So why, until very recently, were mainstream comic book readers faced with either male protagonists or a limited number of women heroes that were unrealistically portrayed both in terms of their real lives, their clothing and their body types? A panel at San Diego Comic Con in 2014 did a good job of simplifying the answer: the industry has “engrained a lot of false gender-based ideas thanks to decades of unchallenged existence.” Laura Hudson, writer for Wired, continued:

“A metaphor I use a lot is it’s like working in a bell factory,” explained Hudson. “If you work in the bell factory long enough you stop hearing the bells. I think super hero comics has stopped hearing the bells for a long time, but now you have other people coming in from the outside and [the gender issues in super hero comics are] very apparent. Having the Internet, having these other perspectives that are suddenly in front of us and are not subject to gatekeepers and are far more able to be heard exposes a lot of [these issues].”
Laura Hudson on 2014 SDCC ComicCon Panel.

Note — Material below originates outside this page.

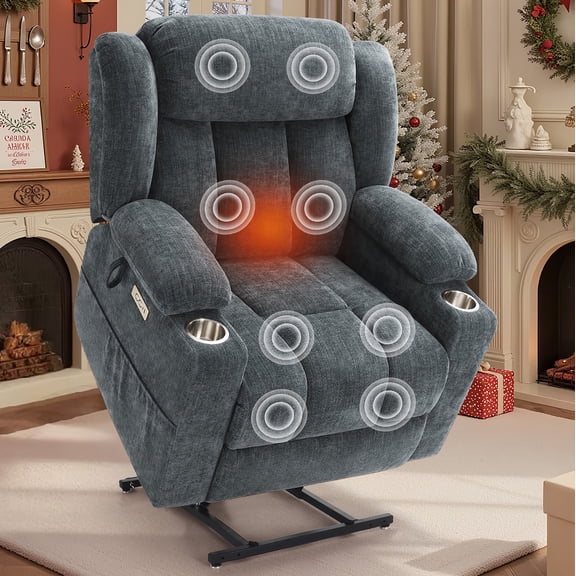 WACASA Power Recliner Chair with Heat and Massage, Lift Chairs for Elderly with Cup Holders, Heavy Duty Oversized Recliners for Adults with Charging ports, Chenille Blue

So, similar to SFF in a way…without the Internet there was never really a way for readers to join together in huge numbers and say to publishers: “Look. This isn’t right.” It’s hard to remember a time before social media (Twitter and Facebook, especially), when people didn’t communicate so openly and seamlessly with people millions of miles away – often people that they met solely due to a shared passion for the same thing. Until this started happening, it’s likely that publishers were just ignorantly producing material on assumptions and as a result the many women reading comics presumed they were in such a tiny minority of women comic book fans that should they wish to enter into this ‘male world’ they would need to put up with the kind of portrayals of women that males (apparently) wanted and were being provided.

“I’m the biggest nerd – I love comic books and stuff like that! I don’t have any friends who are actresses. I only had one girlfriend when I was growing up. Most of my friends were boys. I was such a tomboy. I enjoyed doing guy things.”
Megan Fox

The thing is, reading comic books isn’t really a guy thing. If we take the self-identified comic fans of Facebook of 2014 as our basis to draw proof of this from, we see that of 24.2 million people, 11.2 million of them are women. That’s just about 46%. Now, when you think about the kinds of covers and characters you’ve exposed 46% of your audience to for the past half century plus it’s easy to see why the comics chosen by Goodreads users are doing so well. Here’s a trio of covers showing the big three – Wonder Woman, Supergirl and Batgirl – based from the 1970’s to early 2000’s:

Comic-Books

Ms-Marvel-CoverIf we look at recent statistics for Ms Marvel, we see that the title has remained one of Marvel’s best sellers since its release in 2014. I can only imagine the reaction you’d have received should you have taken the idea of the current Ms Marvel to Marvel towers in the 1970s: “I’d like to talk to Mr Lee about my idea for a teenage Pakistani American called Kamala Khan to be the new Ms Marvel?” Well, the outcomes of that actually happening speak for themselves: Ms. Marvel Volume 1 was the best-selling graphic novel in October 2014 and made it to number #2 on The New York Times Best Seller list of paperback graphic books. In April 2015, Ms. Marvel Volume 2 made #4 on The New York Times Best Seller list of paperback graphic books and in July 2015, Ms. Marvel Volume 3 debuted at #3 on the list. That’s what happens when you supply something that has been in demand for a long time: sales.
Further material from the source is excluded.